Bayoumi, M. (2018). Classical Isolated Scrotal Kaposi's Sarcoma in Non-HIV Patient Case report from KAUH, Jeddah, Saudi Arabia. The Egyptian Journal of Hospital Medicine, 70(5), 801-805. doi: 10.12816/0043986
Mohamed Emad Bayoumi. "Classical Isolated Scrotal Kaposi's Sarcoma in Non-HIV Patient Case report from KAUH, Jeddah, Saudi Arabia". The Egyptian Journal of Hospital Medicine, 70, 5, 2018, 801-805. doi: 10.12816/0043986
Bayoumi, M. (2018). 'Classical Isolated Scrotal Kaposi's Sarcoma in Non-HIV Patient Case report from KAUH, Jeddah, Saudi Arabia', The Egyptian Journal of Hospital Medicine, 70(5), pp. 801-805. doi: 10.12816/0043986
Bayoumi, M. Classical Isolated Scrotal Kaposi's Sarcoma in Non-HIV Patient Case report from KAUH, Jeddah, Saudi Arabia. The Egyptian Journal of Hospital Medicine, 2018; 70(5): 801-805. doi: 10.12816/0043986
Classical Isolated Scrotal Kaposi's Sarcoma in Non-HIV Patient Case report from KAUH, Jeddah, Saudi Arabia
Background: Kaposi Sarcoma (KS) is a rare neoplastic vascular disorder. The pathogenesis of KS remains controversial.
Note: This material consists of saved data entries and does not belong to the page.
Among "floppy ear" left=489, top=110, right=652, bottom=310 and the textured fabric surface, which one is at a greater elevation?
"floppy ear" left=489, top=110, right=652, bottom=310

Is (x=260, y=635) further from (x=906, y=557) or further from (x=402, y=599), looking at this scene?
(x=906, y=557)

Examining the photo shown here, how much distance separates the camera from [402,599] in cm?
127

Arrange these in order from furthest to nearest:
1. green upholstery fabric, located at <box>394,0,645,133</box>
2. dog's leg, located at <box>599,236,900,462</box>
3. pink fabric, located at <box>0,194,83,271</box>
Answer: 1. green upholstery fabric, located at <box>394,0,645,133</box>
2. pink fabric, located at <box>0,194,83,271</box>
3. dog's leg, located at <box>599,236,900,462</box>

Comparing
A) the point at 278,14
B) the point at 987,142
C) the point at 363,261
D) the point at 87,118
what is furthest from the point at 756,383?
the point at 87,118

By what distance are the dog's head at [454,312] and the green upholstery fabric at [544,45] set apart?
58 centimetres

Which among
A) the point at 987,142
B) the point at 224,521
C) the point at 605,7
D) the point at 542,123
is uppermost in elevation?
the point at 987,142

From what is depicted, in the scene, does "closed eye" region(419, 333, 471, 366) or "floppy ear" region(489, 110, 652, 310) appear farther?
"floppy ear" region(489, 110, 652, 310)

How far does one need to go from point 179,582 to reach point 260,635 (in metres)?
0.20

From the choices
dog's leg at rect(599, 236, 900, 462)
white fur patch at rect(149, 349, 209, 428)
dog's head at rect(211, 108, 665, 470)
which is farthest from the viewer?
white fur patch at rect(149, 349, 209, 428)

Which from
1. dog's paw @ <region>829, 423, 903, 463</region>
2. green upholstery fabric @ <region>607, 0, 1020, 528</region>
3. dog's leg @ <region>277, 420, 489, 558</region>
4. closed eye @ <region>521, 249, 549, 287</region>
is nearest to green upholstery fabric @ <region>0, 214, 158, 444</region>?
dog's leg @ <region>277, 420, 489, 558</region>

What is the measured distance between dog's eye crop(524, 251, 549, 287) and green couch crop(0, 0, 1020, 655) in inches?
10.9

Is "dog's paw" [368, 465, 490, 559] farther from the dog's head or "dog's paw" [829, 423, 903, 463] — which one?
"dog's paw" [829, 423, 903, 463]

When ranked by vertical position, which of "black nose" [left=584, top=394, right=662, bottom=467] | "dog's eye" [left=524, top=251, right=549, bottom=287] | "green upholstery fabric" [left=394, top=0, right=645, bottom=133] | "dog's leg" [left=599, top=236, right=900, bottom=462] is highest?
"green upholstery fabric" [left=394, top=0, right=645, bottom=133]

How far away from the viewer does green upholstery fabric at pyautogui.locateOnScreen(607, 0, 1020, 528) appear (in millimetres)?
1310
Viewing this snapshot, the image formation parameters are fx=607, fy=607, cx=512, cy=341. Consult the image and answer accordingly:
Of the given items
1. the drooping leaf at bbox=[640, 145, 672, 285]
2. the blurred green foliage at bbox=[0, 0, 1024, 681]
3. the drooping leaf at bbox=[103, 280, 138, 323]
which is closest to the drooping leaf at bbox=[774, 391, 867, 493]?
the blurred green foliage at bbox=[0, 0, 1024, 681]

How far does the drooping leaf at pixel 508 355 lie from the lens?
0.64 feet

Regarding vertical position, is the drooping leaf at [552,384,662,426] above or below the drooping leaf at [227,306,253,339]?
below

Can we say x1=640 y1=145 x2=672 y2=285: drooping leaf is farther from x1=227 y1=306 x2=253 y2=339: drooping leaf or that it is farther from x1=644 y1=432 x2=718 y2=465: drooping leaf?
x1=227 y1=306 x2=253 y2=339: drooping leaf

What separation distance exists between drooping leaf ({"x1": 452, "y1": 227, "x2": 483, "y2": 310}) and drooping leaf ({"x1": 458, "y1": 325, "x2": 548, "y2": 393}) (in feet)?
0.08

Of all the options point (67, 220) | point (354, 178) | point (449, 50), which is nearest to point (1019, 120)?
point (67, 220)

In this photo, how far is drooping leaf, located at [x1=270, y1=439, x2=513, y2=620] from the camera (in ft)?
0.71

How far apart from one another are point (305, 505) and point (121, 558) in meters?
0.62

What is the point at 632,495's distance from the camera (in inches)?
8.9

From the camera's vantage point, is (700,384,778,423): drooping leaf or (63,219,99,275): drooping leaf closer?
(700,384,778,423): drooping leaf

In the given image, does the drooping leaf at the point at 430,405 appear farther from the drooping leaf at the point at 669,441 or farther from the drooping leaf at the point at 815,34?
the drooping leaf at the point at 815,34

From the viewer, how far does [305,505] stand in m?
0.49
However, suppression of the immune response was almost necessary. Classical KS most likely affects the male genitalia. Penile KS is the most common, while isolated scrotal KS has been unusual to see. In this case report, we review a rare case of scrotal KS in a non-HIV patient with history, clinical, laboratory, imaging findings. Presentation of Case: A 60 years old male patient, known to have ischemic heart disease. Presented with progressive painful scrotum swelling for 3 weeks. He had dysuria and gave a history of weight loss. Not complaining of prostate disease. By examination, there were swelling, warmness, tenderness to palpation in his scrotum. A biopsy was taken which was shown a Kaposi sarcoma. Discussion: Despite it names as a sarcoma, it is not considered a real sarcoma because the tumour does not arise from mesenchymal tissue. It arises from endothelium tissue. The pathogenesis of KS still not clearly understood and remains controversial. However, what we know is all forms of KS are strongly associated with HHV-8 infections. The partial or complete suppression of the immune response was almost necessary. Therefore, KS is usually associated with HIV infection. KS of the scrotum has been reported in non-HIV patients. Very few cases have been presented with scrotal KS. First reported case of an isolated scrotal KS around the world was in 1976. While In 1979 had been the first time to performed total scrotectomy and bilateral orchiectomy for scrotal KS patient. A Turkish study In 2011 reviewed only one patient had scrotal KS out of 32 cases with HIV-negative KS in the Middle East. In this case, the patient received 3 cycles of chemotherapy with no improvement so we preferred local excision because these lesions were small and stable for about 3 years. After 3 years of follow-up no recurrence was observed. Conclusion: Classical KS is generally observed in the lower extremities, it can rarely affects scrotal skin as isolated lesions. Thus. Genital examination should also include for those patients. In addition, the isolated scrotal Kaposi sarcoma is absolutely cannot be cured by medication. Adjuvant chemotherapy still in many cases show incomplete improvement. Orchiectomy might be the conclusive curative option.